If the Chubby Chasers’ songs celebrate the virtues of big, sexy women, then a CC concert is like a party in their honor. “We have high energy shows that are old school fun”, notes Kid Creation. We like to ask the crowd to participate–a lot of ‘wave your hands in the air…’ kinda stuff. We’re entertainers in every sense of the word.” And what about the guests of honor? Says KC, “There (are) a lot of plus-sized women in the audience, so thats always cool.” Cool, indeed.
**Met Her on Craigs List; Live at 1Down Lounge**
“She’s Down With the Double-Team.”
To celebrate the release of the ‘Chasers debut release, Mass Appeal, the trio engineered the “Miss Chubby Chaser” online pageant to find the big, bodacious broad that best embodies the band’s ethos. “We did the contest beaus our fan base is predominantly larger women, and we noticed how they love to take pictures of themselves, and they are very proud of their unique look, says a very diplomatic Kid Creation. “I like the women who are showing that they are comfortable in their own skin, and have a sense of happiness in their eyes.” You can see the winner and all the lovely contestants on their MySpace page.

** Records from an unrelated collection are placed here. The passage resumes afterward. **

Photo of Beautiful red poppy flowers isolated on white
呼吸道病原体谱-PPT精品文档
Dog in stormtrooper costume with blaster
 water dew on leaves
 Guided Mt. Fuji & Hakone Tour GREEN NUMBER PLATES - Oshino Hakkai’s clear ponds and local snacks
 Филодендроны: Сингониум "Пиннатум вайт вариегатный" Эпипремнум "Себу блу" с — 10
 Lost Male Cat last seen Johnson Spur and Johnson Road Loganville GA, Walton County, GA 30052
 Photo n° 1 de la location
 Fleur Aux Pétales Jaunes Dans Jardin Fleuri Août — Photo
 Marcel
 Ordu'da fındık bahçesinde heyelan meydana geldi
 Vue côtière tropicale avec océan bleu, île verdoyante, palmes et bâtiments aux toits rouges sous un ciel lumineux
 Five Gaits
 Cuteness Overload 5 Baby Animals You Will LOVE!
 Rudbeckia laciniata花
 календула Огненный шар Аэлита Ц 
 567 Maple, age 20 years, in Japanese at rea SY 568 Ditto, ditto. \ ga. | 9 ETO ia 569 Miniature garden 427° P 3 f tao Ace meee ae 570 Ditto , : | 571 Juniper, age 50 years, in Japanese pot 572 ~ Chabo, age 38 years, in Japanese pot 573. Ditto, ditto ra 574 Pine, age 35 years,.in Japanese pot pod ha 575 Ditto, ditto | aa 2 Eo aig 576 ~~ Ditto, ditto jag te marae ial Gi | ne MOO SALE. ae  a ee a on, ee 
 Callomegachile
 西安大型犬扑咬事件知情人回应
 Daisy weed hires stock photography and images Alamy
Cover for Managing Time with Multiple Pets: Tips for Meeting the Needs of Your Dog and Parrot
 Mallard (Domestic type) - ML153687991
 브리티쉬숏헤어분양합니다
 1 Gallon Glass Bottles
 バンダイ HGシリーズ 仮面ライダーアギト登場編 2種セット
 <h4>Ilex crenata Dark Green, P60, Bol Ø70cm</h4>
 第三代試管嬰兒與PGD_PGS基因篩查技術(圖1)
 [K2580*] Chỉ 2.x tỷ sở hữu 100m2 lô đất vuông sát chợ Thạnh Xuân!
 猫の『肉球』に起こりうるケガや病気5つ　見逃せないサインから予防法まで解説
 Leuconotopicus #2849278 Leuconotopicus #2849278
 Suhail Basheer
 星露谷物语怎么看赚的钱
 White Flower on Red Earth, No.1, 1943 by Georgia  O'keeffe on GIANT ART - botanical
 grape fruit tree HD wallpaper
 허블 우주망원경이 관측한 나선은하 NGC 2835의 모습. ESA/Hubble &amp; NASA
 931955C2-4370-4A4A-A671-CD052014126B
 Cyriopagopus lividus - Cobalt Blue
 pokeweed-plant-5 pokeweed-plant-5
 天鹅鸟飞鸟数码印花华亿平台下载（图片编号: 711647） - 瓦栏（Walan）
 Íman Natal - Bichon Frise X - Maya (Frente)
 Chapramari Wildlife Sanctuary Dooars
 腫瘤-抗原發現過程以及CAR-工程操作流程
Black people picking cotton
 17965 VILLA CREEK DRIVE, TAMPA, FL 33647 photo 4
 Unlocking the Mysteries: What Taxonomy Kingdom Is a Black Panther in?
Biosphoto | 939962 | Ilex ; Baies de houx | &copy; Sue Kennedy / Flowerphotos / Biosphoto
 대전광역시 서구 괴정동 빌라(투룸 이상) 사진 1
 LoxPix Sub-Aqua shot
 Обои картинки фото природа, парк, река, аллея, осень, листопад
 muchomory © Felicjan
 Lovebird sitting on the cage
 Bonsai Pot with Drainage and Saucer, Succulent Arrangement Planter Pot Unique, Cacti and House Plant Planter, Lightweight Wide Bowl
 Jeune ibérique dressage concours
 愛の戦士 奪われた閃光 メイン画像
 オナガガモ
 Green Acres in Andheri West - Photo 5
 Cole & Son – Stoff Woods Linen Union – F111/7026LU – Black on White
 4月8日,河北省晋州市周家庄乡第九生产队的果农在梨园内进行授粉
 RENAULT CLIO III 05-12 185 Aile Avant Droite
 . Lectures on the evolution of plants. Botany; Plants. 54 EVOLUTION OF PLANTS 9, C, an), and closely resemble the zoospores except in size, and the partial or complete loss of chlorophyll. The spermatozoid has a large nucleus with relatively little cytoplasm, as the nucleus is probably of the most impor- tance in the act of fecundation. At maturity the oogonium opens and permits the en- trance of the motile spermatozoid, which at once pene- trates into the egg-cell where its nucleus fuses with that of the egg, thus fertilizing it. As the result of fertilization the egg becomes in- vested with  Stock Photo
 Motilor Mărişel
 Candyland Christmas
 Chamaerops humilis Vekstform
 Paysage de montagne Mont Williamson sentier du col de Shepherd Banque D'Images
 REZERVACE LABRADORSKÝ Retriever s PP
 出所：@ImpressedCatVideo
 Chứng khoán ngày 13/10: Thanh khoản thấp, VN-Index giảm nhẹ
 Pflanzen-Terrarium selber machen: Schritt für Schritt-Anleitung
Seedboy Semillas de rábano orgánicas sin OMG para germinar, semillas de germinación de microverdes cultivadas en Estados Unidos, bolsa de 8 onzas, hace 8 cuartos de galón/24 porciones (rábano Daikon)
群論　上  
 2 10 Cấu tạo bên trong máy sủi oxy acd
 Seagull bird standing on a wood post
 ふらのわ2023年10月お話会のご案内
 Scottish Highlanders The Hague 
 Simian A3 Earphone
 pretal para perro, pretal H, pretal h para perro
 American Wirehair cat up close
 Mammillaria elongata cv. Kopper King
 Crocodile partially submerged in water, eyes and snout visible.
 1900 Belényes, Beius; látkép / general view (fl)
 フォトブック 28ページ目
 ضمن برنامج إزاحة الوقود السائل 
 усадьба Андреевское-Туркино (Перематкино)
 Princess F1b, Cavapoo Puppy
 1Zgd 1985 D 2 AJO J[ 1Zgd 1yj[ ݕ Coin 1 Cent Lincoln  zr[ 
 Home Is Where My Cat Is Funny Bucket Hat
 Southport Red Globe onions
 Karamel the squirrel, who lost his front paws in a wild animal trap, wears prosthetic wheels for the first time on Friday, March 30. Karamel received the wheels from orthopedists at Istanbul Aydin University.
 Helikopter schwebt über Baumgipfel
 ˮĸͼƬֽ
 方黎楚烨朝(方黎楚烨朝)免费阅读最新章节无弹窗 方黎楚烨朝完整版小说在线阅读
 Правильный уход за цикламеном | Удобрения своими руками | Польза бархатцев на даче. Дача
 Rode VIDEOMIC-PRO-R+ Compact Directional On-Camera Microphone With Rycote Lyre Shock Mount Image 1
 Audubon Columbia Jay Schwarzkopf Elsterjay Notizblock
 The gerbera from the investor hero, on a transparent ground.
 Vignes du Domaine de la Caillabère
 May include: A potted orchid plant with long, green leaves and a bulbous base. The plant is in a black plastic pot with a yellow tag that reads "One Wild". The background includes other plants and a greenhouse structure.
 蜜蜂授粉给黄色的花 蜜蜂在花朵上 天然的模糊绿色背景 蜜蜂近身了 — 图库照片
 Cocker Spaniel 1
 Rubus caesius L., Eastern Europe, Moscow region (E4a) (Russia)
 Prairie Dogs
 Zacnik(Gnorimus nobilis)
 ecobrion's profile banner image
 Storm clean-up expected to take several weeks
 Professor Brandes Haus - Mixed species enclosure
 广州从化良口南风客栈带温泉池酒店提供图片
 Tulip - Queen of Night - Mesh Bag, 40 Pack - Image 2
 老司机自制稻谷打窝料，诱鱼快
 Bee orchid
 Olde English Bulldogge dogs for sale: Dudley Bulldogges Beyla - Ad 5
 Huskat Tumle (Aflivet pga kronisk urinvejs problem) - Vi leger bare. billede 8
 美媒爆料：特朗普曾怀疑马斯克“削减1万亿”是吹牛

Mass Appeal, has gotten positive reaction for its embrace of Plus-Sized politics. “Some people say its the Sgt. Pepper The Wall 3 Feet High and Rising of BBW albums and (the Chubby Chasers) agree, of course,” Kid Creation notes modestly. Still, you don’t have to get wrapped up in the social justice dimension of the Chubby Chasers. Kid Creation relays to ЯR readers: “You don’t have to be into big women to love the Chubby Chasers, just be somebody who likes to smile and sing along to good music.”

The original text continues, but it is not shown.